Dataset records Block Start

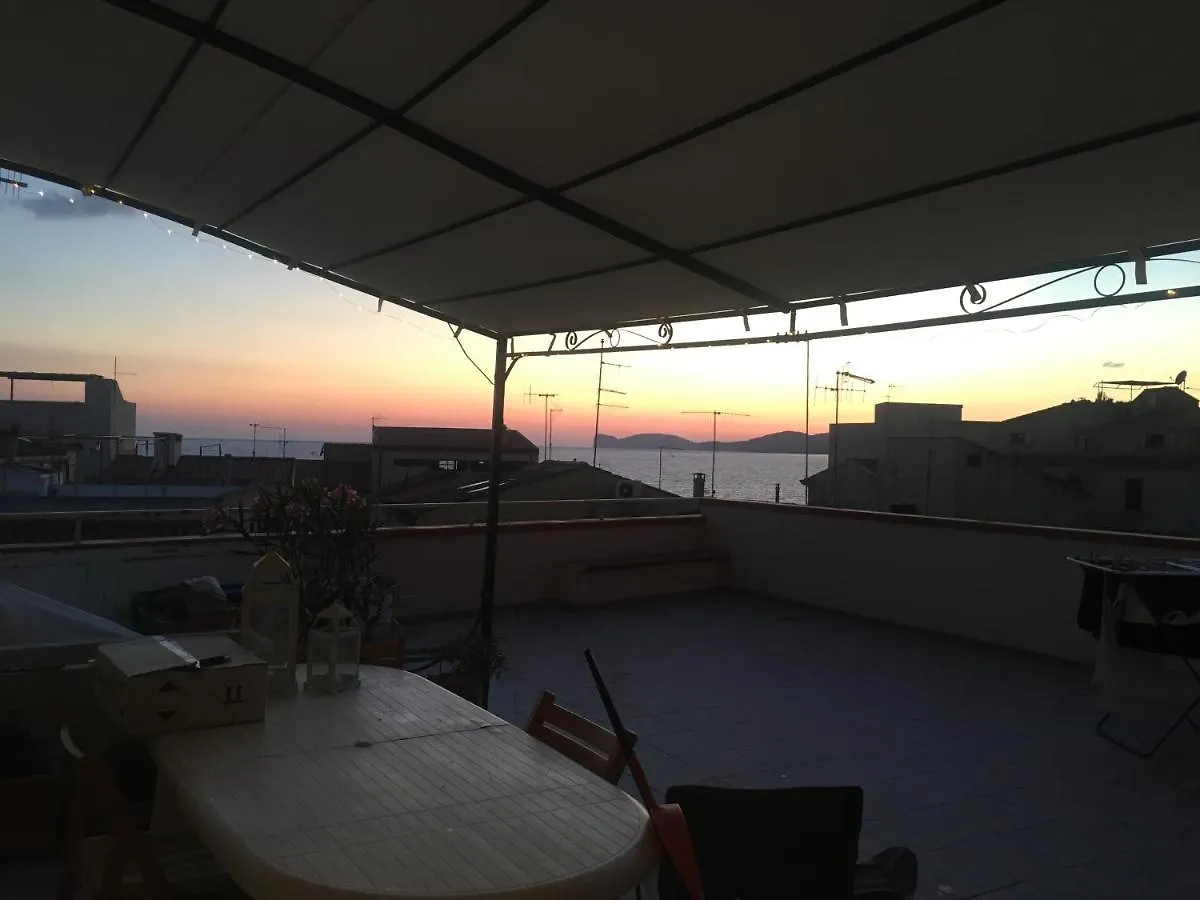 Appartamento Con Grande Terrazza Sul Mare Alguer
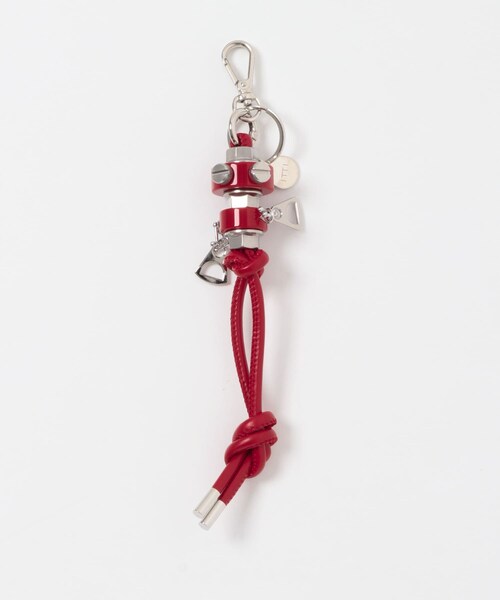 URBAN RESEARCH（アーバンリサーチ）の「ITTI　CRISTY ROBOT KNOT CHARM（キーホルダー・レディース・BLACK/RED・-）」の2枚目の写真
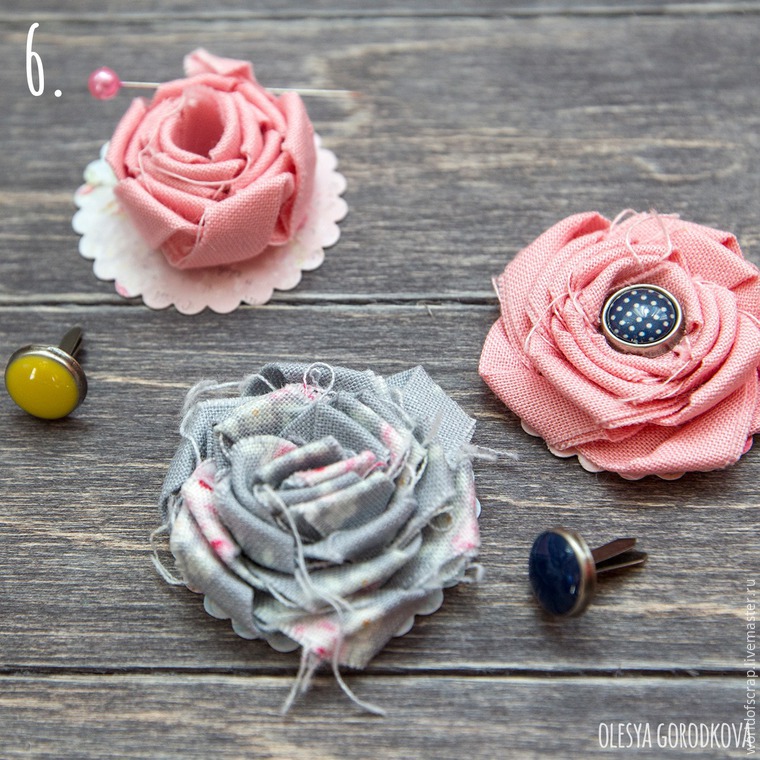How to sew roses from fabric
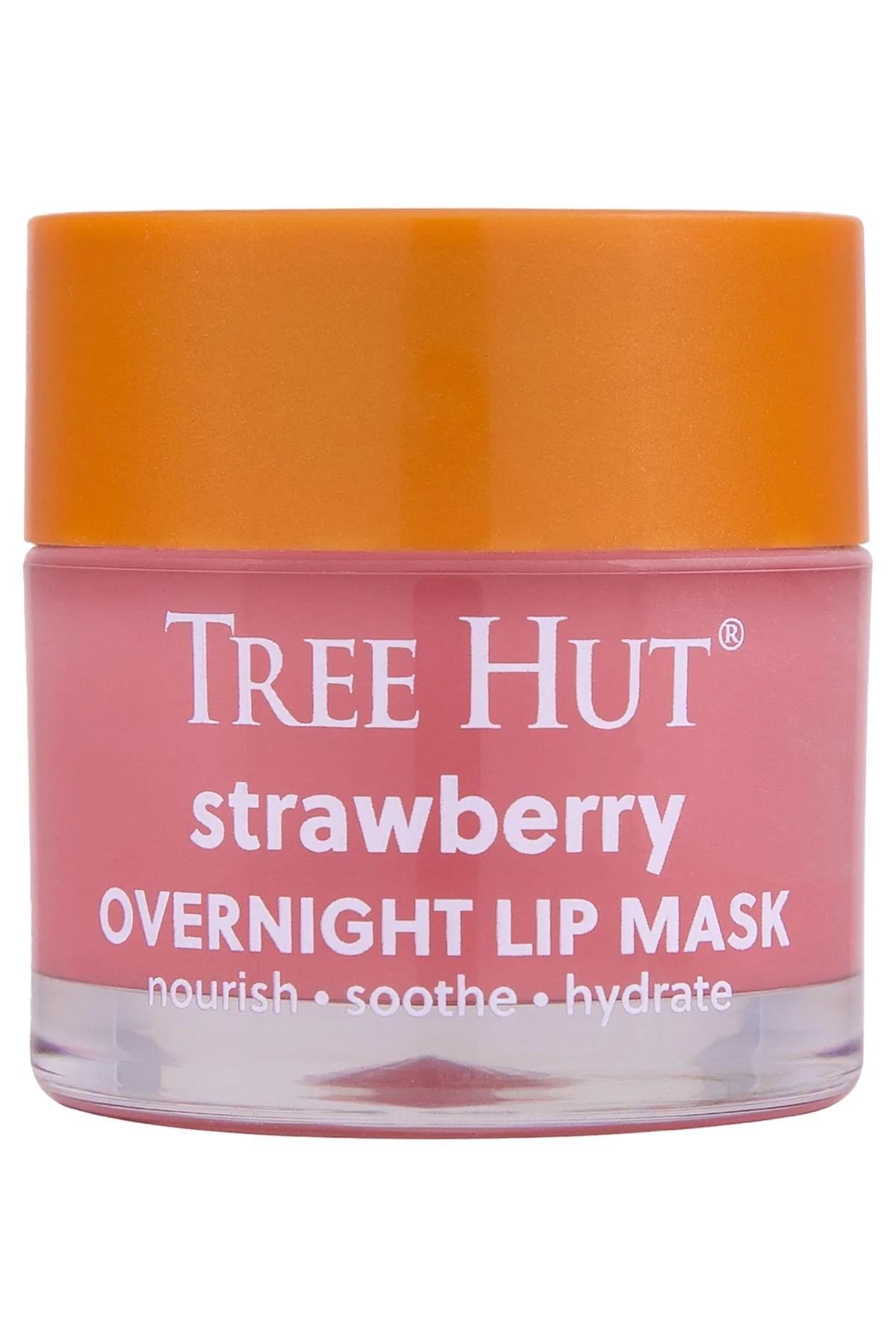 Tree Hut Strawberry Gece Boyu Nemlendirici Dudak Maskesi 17GR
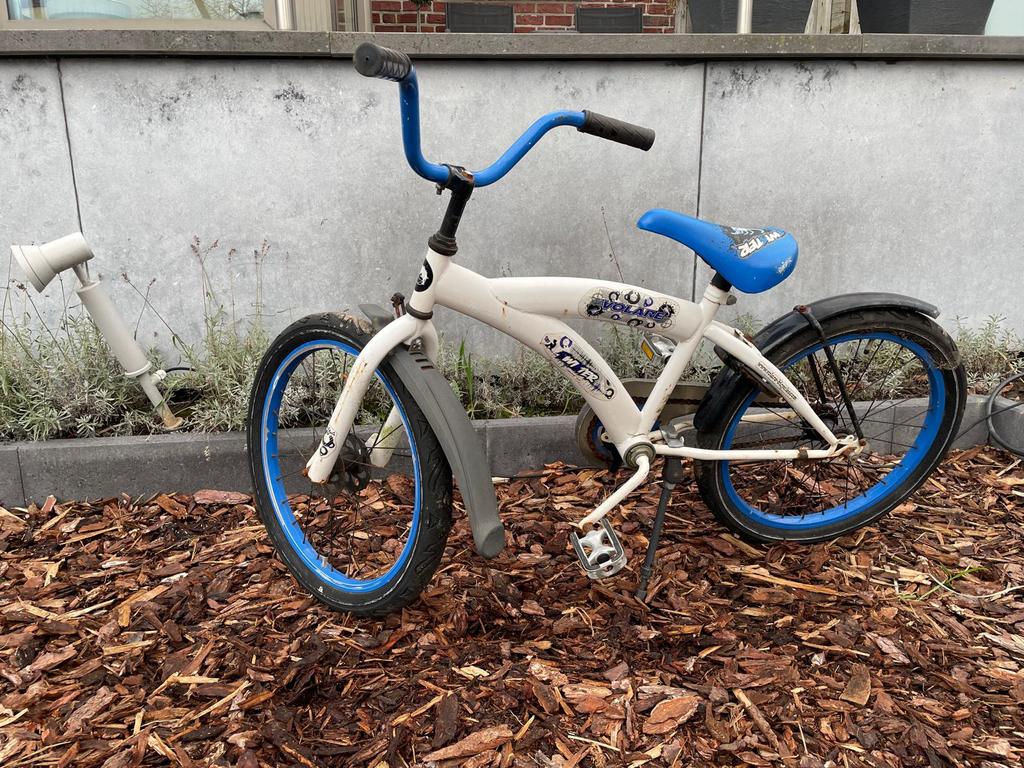 Kinderfiets 15 inch, Ophalen, Zo goed als nieuw, Staal, 16 tot 20 inch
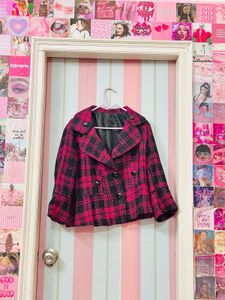 Pink&amp;Black Coat
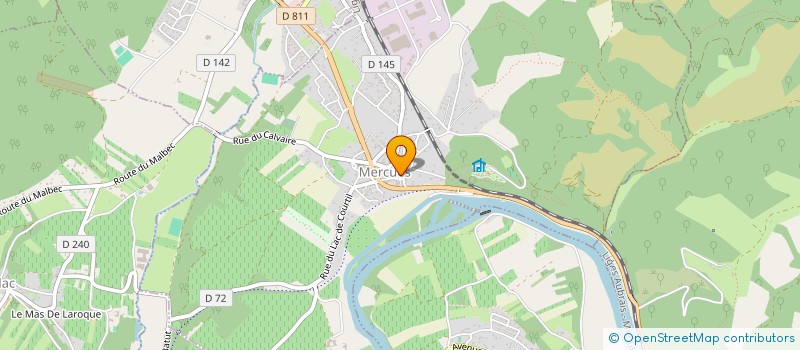 localisation de l'entreprise ASS POUR LA RESTAURATION ET L ANIMATION DE L EGLISE DE MERCUES  MERCUES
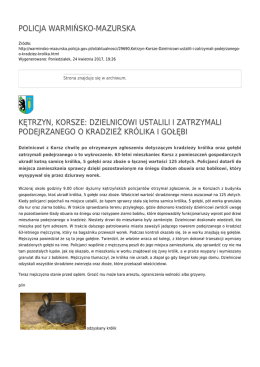 policja warmińsko-mazurska kętrzyn, korsze: dzielnicowi ustalili i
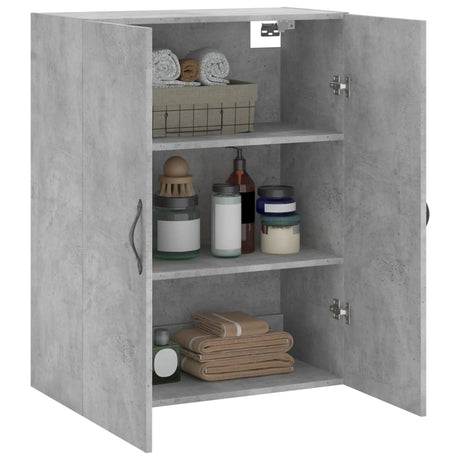 Wandkast 69,5x34x90 cm bewerkt hout betongrijs - AllerleiShop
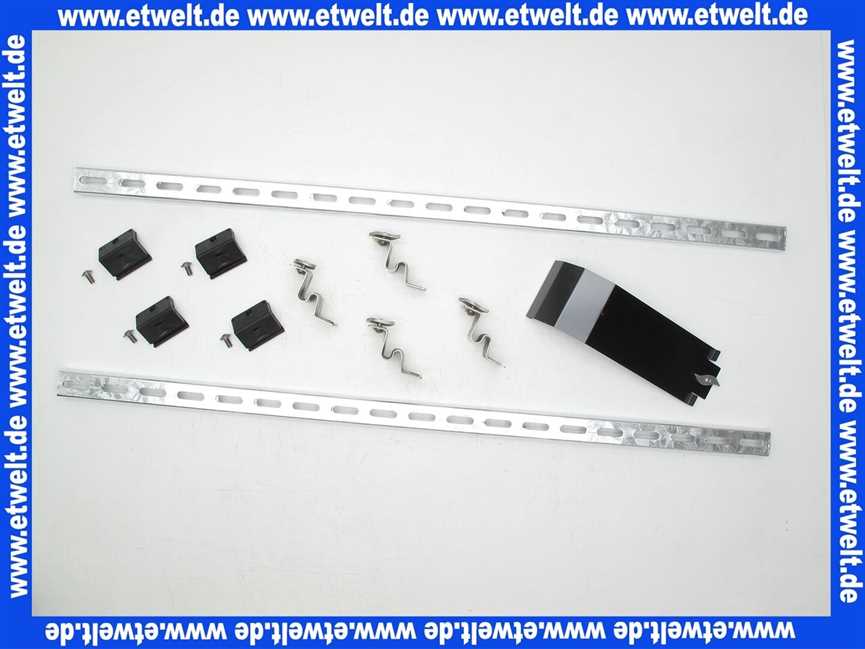 83001198 Sieger Überdachmontagesatz Grund senkr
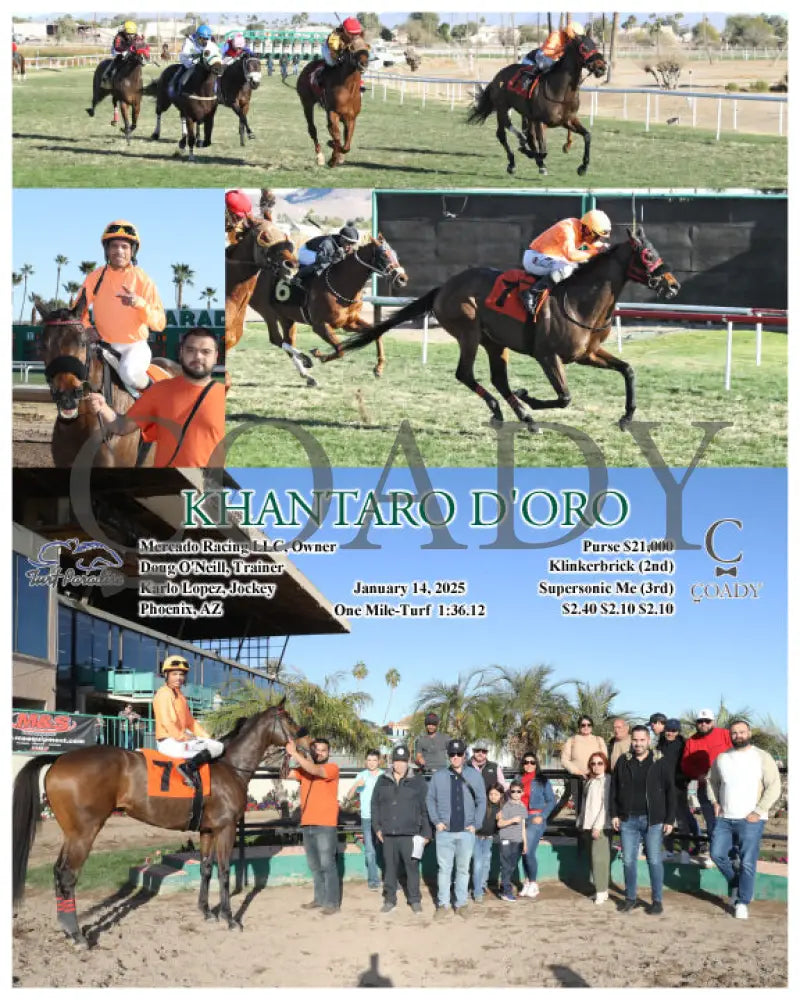 Khantaro D’oro - 01-14-25 R07 Tup Turf Paradise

Dataset records Block End

Exact copy, no pictures: please print every record above as written.

 Appartamento Con Grande Terrazza Sul Mare Alguer
 URBAN RESEARCH（アーバンリサーチ）の「ITTI　CRISTY ROBOT KNOT CHARM（キーホルダー・レディース・BLACK/RED・-）」の2枚目の写真
How to sew roses from fabric
 Tree Hut Strawberry Gece Boyu Nemlendirici Dudak Maskesi 17GR
 Kinderfiets 15 inch, Ophalen, Zo goed als nieuw, Staal, 16 tot 20 inch
 Pink&amp;Black Coat
 localisation de l'entreprise ASS POUR LA RESTAURATION ET L ANIMATION DE L EGLISE DE MERCUES  MERCUES
 policja warmińsko-mazurska kętrzyn, korsze: dzielnicowi ustalili i
 Wandkast 69,5x34x90 cm bewerkt hout betongrijs - AllerleiShop
 83001198 Sieger Überdachmontagesatz Grund senkr
 Khantaro D’oro - 01-14-25 R07 Tup Turf Paradise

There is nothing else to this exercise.